RobertElder commented 11 years ago

It is possible that some of the theano stuff was never designed with multiprocessing in mind, so it does some things it shouldn't, and the problem only manifests because of certain race conditions with that particular library.

hudon commented 11 years ago

good point... once I reproduce the bug tomorrow, I'll do some research too. We might want to escalate to nengo James, see if he's aware of any multiprocessing+theano+BLAS issues. That would be a pretty great find, I kept assuming the problem was on our side :P

hudon commented 11 years ago

So BLAS has a few implementations. What @RobertElder and I are running is openBLAS. On Arch, the standard BLAS package is the LAPACK BLAS, also known as NetLib BLAS (mentioned in wiki article). This difference is probably why the bug wasn't appearing on Arch.

RobertElder commented 11 years ago

So that means we've seen 2 BLAS implementations that work and one that does not. That would at least lend credibility to the theory that there is a bug in the openblas version. I sure hope it is there. I don't look forward to debugging more concurrency problems like this if the problem is actually in theano. I've spent probably 4+ days debugging this issue.

RobertElder commented 11 years ago

Just a note, if you're trying to reproduce my results you might need to occasionally do

rm -rf ~/.theano

RobertElder commented 11 years ago

After re-compiling the blas library with debug information enabled, the line that it seems to be hanging on is line 308 of

https://github.com/xianyi/OpenBLAS/blob/develop/driver/others/blas_server.c

It always ends up waiting on a signal for pthread 0, even though there is a signal sent for pthread 0 on line 677.

hudon commented 11 years ago

@RobertElder , Why do we need to clear ~/.theano?
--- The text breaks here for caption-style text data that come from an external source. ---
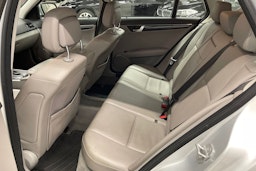 Hopea Mercedes-Benz C 2008 kuva 8.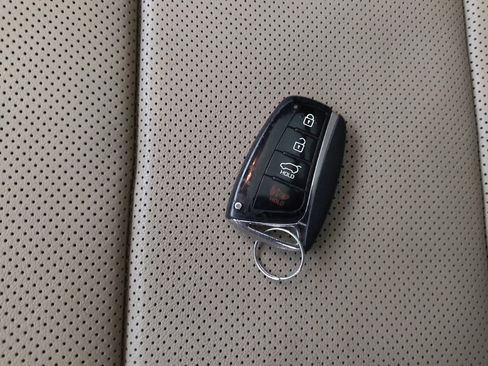 Used 2017 Hyundai Santa Fe Sport image 32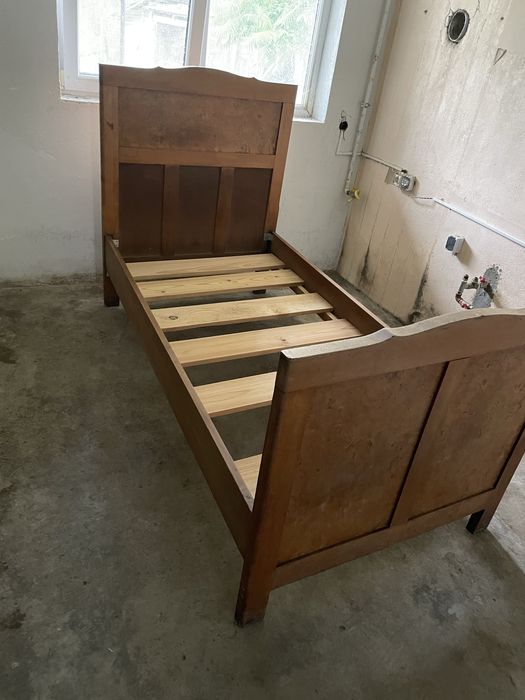 Pat din lemn masiv 90x200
Is it some sort of theano_function() cache? it doesn't get recompiled everytime we run the simulator?

RobertElder commented 11 years ago

Yea theano caches a bunch of compiled virtual machines and stuff there.

RobertElder commented 11 years ago

But it does recompile the stuff that is actually computed in theano_function() every time you run the program, it just caches a bunch of the stuff that supports being able to evaulate these call graphs. Stuff like

/usr/local/lib/python2.7/dist-packages/theano/gof/lazylinker_c.c.txt

is cached there.

gretac commented 11 years ago

So I tried replacing my blas package by the openblass-0.2.6-1 package. After changing that, I cleared the ~/.theano and ran the show_error script. I get the same problem as you guys, it just halts in theano_tick() in the first iteration and nothing happens. After, I re-installed the netlib blas package and again cleared the ~/.theano, everything worked fine. So, I have blas-3.4.2-1 (its installed by lapack and both are netlib implementations).
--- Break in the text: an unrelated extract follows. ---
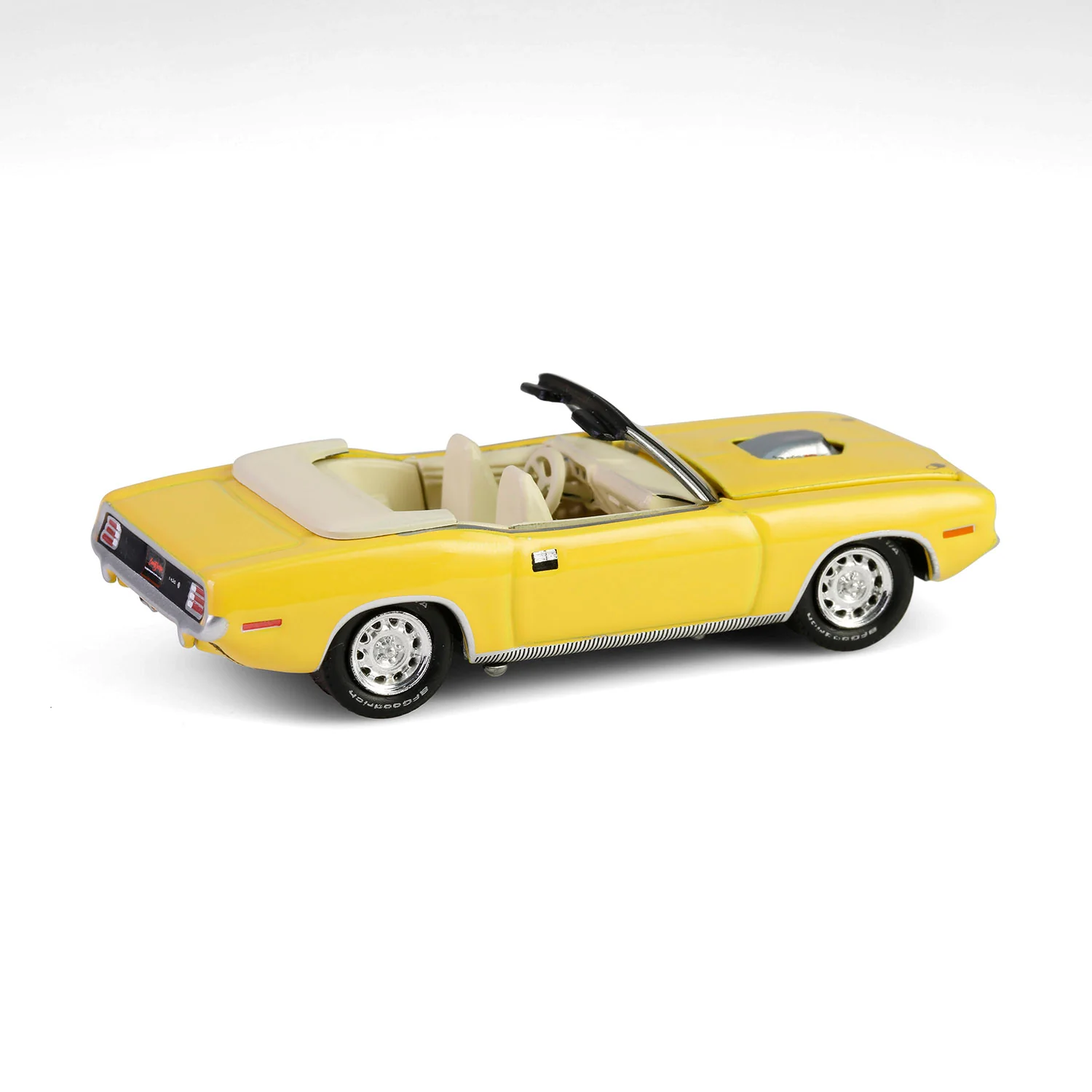 1/64 1970 Plymouth 'Cuda Convertible, Scottsdale 2024, Yellow, Barrett-Jackson Series 15 - Image 4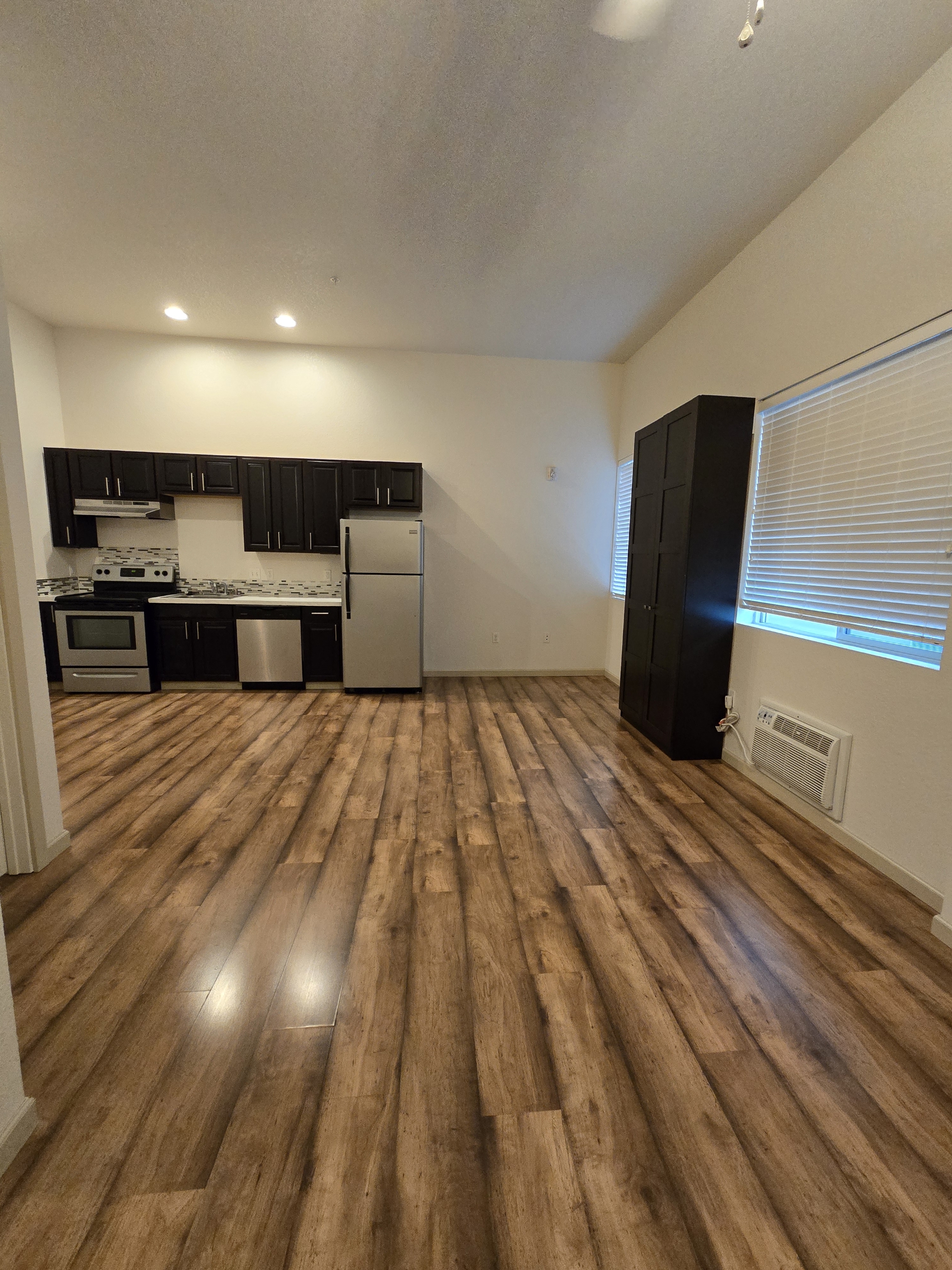 404 Legion Way Southeast - 302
Also, it was necessary for me to run the rm -rf ~/.theano after switching these packages. Otherwise, when switching from openblas to netlib blas theano was still trying to use an openblas library.

RobertElder commented 11 years ago

Based on the code in openblas, and messing around with print statements that I inserted, it might be possible that openblas is working correctly, but because it is doing some fancy stuff with blocking threads, when we do our own fancy stuff with blocking processes, these two might be incompatible somehow?

RobertElder commented 11 years ago

Also, note that uninstalling theano does not clear the theano cache.

Gotta do lots of

rm -rf ~/.theano

hudon commented 11 years ago

This is fixed now by using another implementation of BLAS (not openBLAS).

In Ubuntu, on both my machine and robert's, we found that both NetLib blas (packages libblas3 or libblas3gf) and openBlas (openblas-base) were installed... so just do apt-get purge openblas-base and now it should work (a system reboot was required for me).